What’s Next for Rates?

Comment

Yesterday Jim was on CNBC discussing interest rates and the yield curve. He noted the 2-year note always peaks above the terminal rate (the rate where the Fed stops hiking). We detailed this in October.

Where Do Short Rates Peak?

The chart below shows the divergence between what the Fed is communicating (blue) and what the market is pricing in (orange). The Fed is saying the terminal rate will be 5.00% – 5.25%. The market thinks it is closer to 4.86%.

 

 

If the Fed is right and they are going to a 5.00% – 5.25% terminal rate, what does that mean for market-based interest rates such as the 2-year note?

The orange line below shows the target funds rate. The blue line shows the 2-year yield.
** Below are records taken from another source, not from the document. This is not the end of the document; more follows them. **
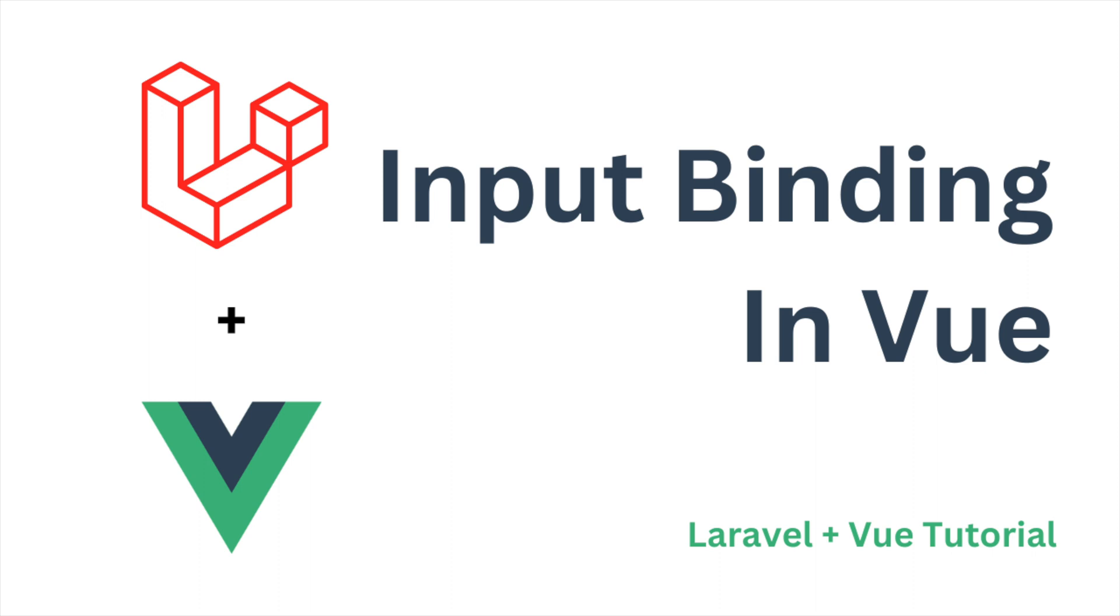I hope you like this video. If you have any doubt then you can comment down in the comment section. In my next video I'll be showing you event handling in Vue, like on click and all those things. So stay tuned and till then take care. Thank you so much for watching. Please like, share and subscribe to my channel.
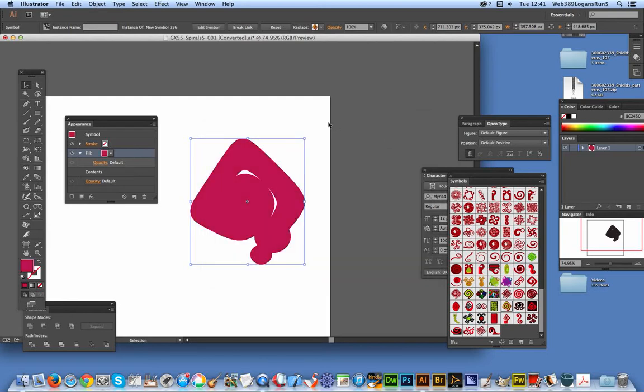Now of course you could actually use that just as a silhouette of the actual original design. That would be a reasonable start point but also via the appearance palette you can use the opacity.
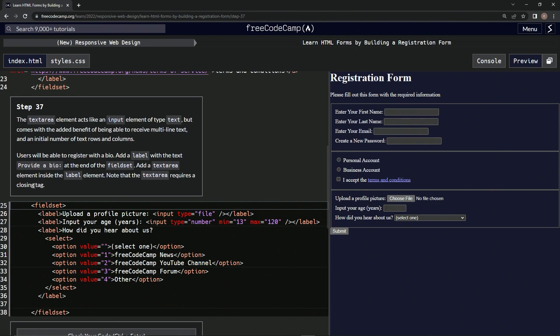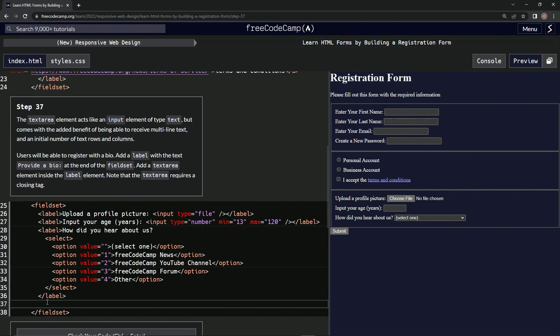Okay, textarea requires closing tag. We're going to add label with the text this at the end of fieldset. Which one? Which fieldset? This fieldset. Ah, right here. The provide is a space. Thank you.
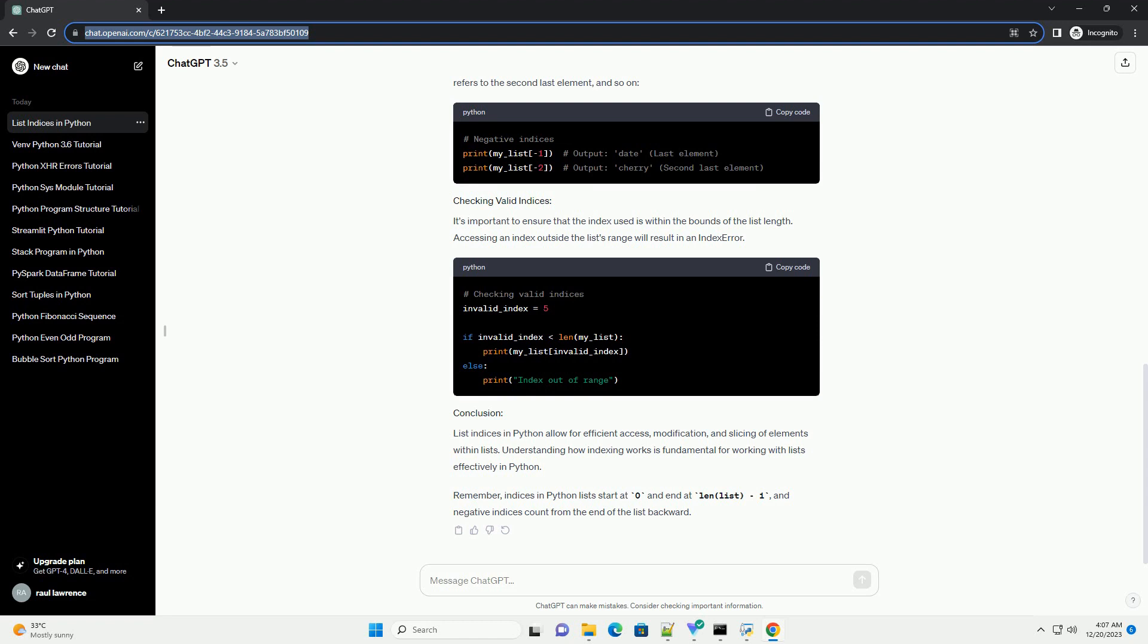Negative indices count from the end of the list. -1 refers to the last element, -2 refers to the second-last element, and so on.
As the table shows, the last five rate hike cycles ended with the 2-year yield above the terminal fed funds rate. So, if the Fed’s projection of a 5% funds rate is correct, then history suggests the 2-year yield should be higher than this terminal rate, or at least 5.25%.

 

 

What Does This Mean for Long Rates?

Should the 2-year yield (orange below) keep climbing above 5.25%, we believe it will drag the 10-year yield higher (green). The yield curve (blue bottom panel), already at a 41-year extreme inversion, should not go much beyond -100 basis points, if it even gets that extreme.

 

 

So we look for long and short rates shift higher in parallel as the Fed continues to hike to their 5.00% – 5.25% terminal rate. If one is looking for a target, 2-year yields should reach 5.50% and 10-year yields should hit 4.50% by spring.

 

The Economy Is Not Breaking

The yield curve will stay range-bound precisely because the economy is not breaking, despite Wall Street’s near insistence that it will/should.
Consider the following chart of weekly initial unemployment claims. They are still not showing any sign of a weakening labor market.

 

 

And without a weakening labor market, falling wage inflation is not materializing. As the bottom panel of the following chart shows, average hourly earnings are holding around 5%.
 
If everyone is getting 5% wage hikes, they can handle 5% inflation.

 

 

Conclusion

We believe rates have not peaked and will not peak until we see evidence of weakening wage growth. Until then, rates across the curve will shift higher in tandem as the Fed continues to hike rates into 2023.